In the early years of adulthood, a breakup or two… or 10, is bound to affect your life. Not only in your own personal relationships, but those of your closest friends. In these instances you get to take on the role of the rock, the chocolate provider and the companion as they learn to cope without their significant other.
I’ve taken on this role quite a few times. As I took it on recently, it became one of the most rewarding experiences I had in quite a while. It wasn’t enlightening simply because I felt like a good person after drying my best friend’s tears, but because the process of consoling my friend after her breakup helped me learn more about myself, and more about navigating my twenties than I ever expected to.
I was sitting in a drive-thru when my best friend called and I pondered not answering because I didn’t want to be rude to the cashier. However, something felt off. I answered and heard a strained, tear-filled “hello” answer back my greeting, before she proceeded to express that she had just broken up with her boyfriend of two years.
“Can I come over later tonight?” she asked. I instantly said of course, ignoring my pang of regret at the words. By the time we met at my house it would be nearly midnight. I reminded myself this is my moral obligation as her best friend, to be there for her. So I got through my shift at work, stopped on my drive home to buy her cookie dough and sunflowers. Soon she was crying on my couch and the discussion began. By surprise to me, this is what I learned.
1. Being in a relationship won’t magically make you feel secure.
With a mouth full of cookie dough, she told me despite the overwhelming despair she felt, she had to end it because she constantly felt like she wasn’t enough throughout the entire relationship. I looked at this young girl with a million amazing qualities and wondered how on earth she felt like she wasn’t enough.
Then I realized most of the time I felt exactly the same way. I felt as if I wasn’t enough because I wasn’t in a relationship anymore, and I hadn’t been in one for quite some time. I remembered all the times she reassured me that I was in fact enough, and I was single simply because I refused to settle. I never believed her. Now that the coin was flipped, I realized everything she said was true; I deserve the best just like she does.
2. You need time to be you. You need time to be selfish.
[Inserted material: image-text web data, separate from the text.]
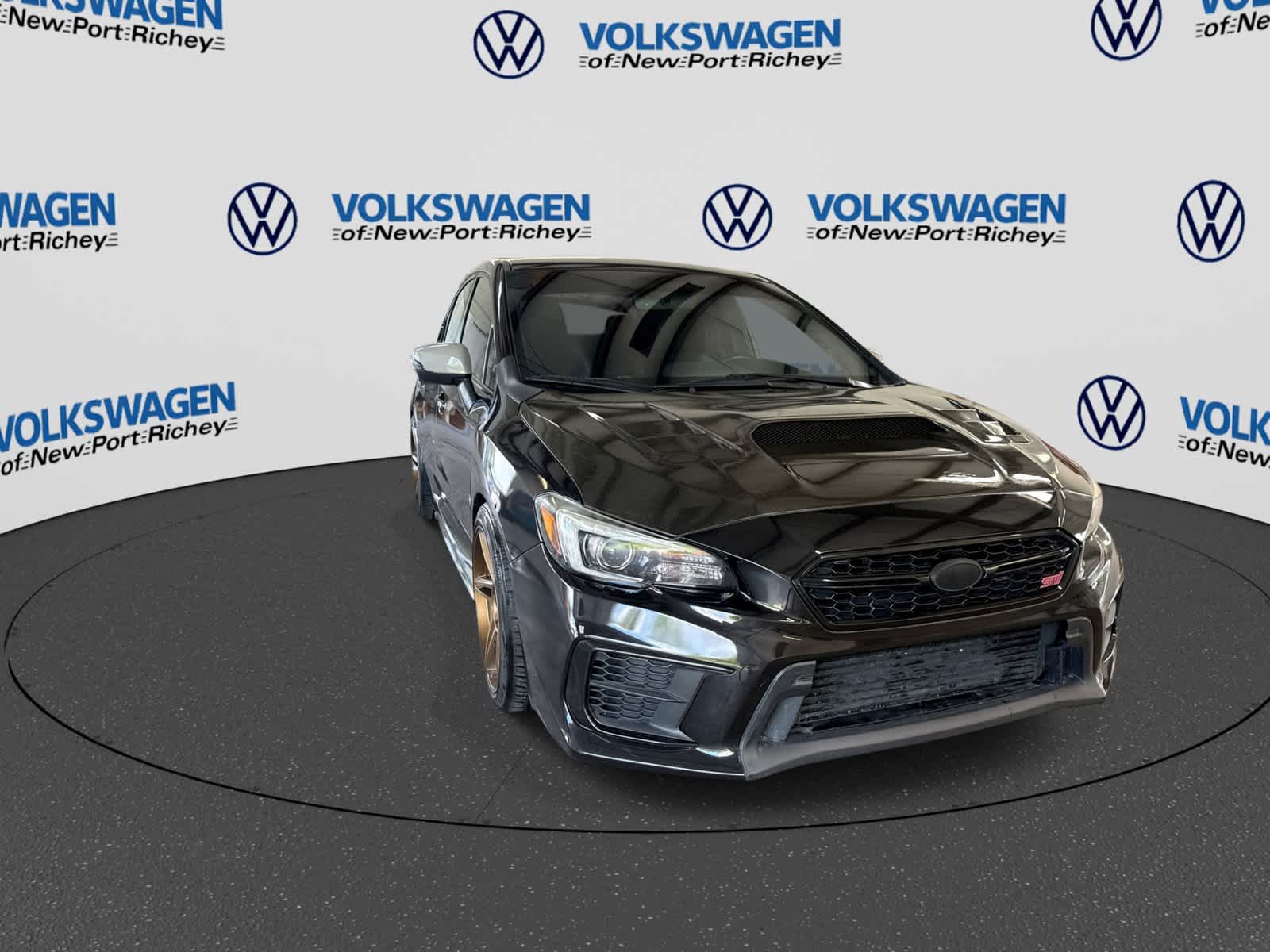 2021 Subaru WRX STI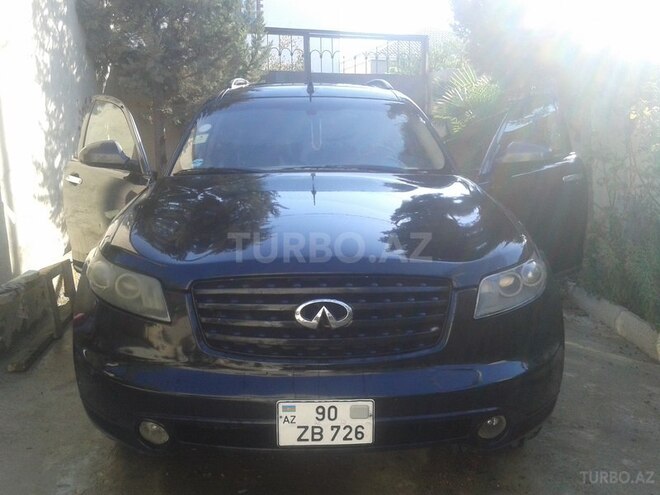 Infiniti FX35 2003, 165,000 km - 3.5 l - Bakı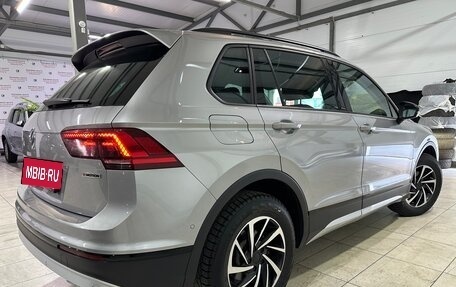 Volkswagen Tiguan II, 2019 год, 2 400 000 рублей, 8 фотография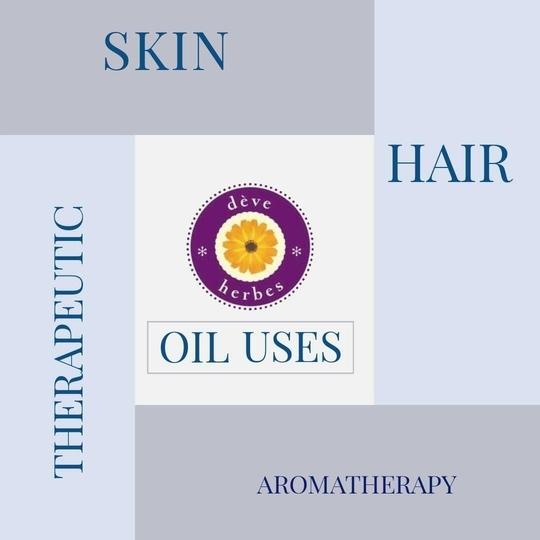 Deve Herbes Shea Oil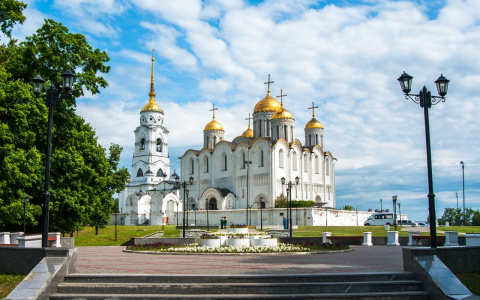 Владимир на 4 месте в рейтинге городов России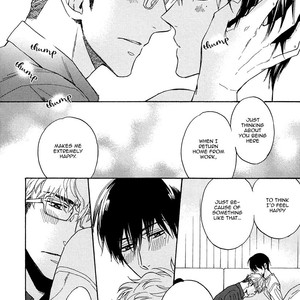 [SAGAMI Waka] Kuchizuke wa Uso no Aji ~ vol.04 (update c.5+Extra) [Eng] – Gay Manga sex 191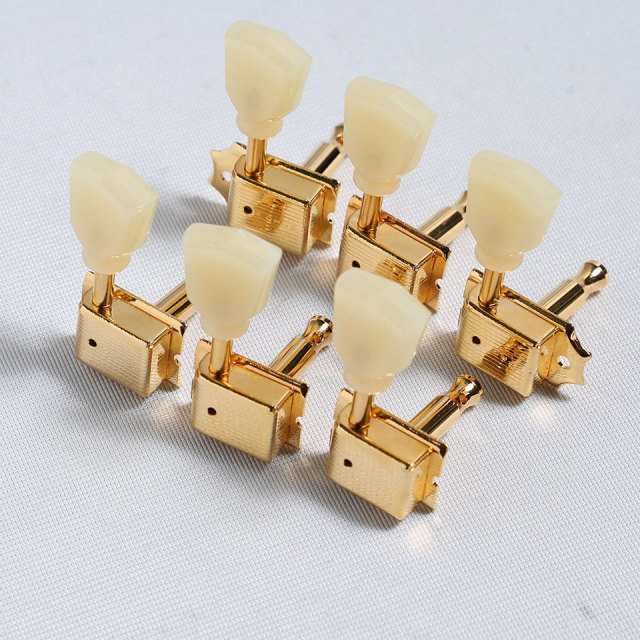 Kluson/6 in line / PB / Gold / EXP【在庫あり】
As the night wore on, she expressed to me how she had lost who she really was while catering to someone else for two years at such a young age. She confided in me her need to figure herself out. She desired to live on her own and become her own person.
I realized that in all the time I spent alone, I made every single decision for myself during this crucial time in my life. I worked full-time and was a full-time student. I took amazing internship opportunities because I threw myself into my future instead of throwing myself into someone else. Although I know there is nothing wrong with wholeheartedly being in a relationship, I know for a fact I would have compromised one of the career-building opportunities had I been in a relationship.
My desire to spend time with whoever it was that I was dating would have trumped these obligations. My best friend thirsted to be secure in her independence, to know she could navigate through life on her own. I learned how to do just that, and I felt more confident than ever.
3. Never let your fear of being alone cause you to settle.
As she expressed how much this teared her apart even though it was simply something she had to do, I recognized her amazing strength in this moment. Despite her immense hurt and her sadness in being single, she was still going to make this decision because she knew she deserved better. She knew she deserved something more than an all-consuming relationship that made her feel as if she was not enough.
I realized if I was in that situation, and I was quite some time ago, I would have never had the strength to do what she did. I would have continued to settle purely based off of my fear of ending up alone. As she continued to tell me she feared she would never find someone she was that close to again, I reminded her how young she was and how much life she had to live and how many people she was still destined to meet. As I said these words, I remembered the numerous people that had told me the exact same thing in my single despair and I never believed them. In this moment I once more realized it’s true for her, and it’s true for me.
As the tears dried and my best friend left, my heart hurt for her, and my mind swam with the relationship advice I gave her. I knew she would overcome the tears and in the process, she would discover herself and the strength that she possessed all along. I realized that I in fact needed to go through the same process.
Although I didn’t endure the pain and heartache of being freshly single, I discovered security in being alone through a breakup that wasn’t mine. Your twenties are a crucial transition period. The time where you figure out the world and yourself. There is something beautiful in learning to stand on your own two feet during this time. A unique confidence grows in knowing you can go at it alone.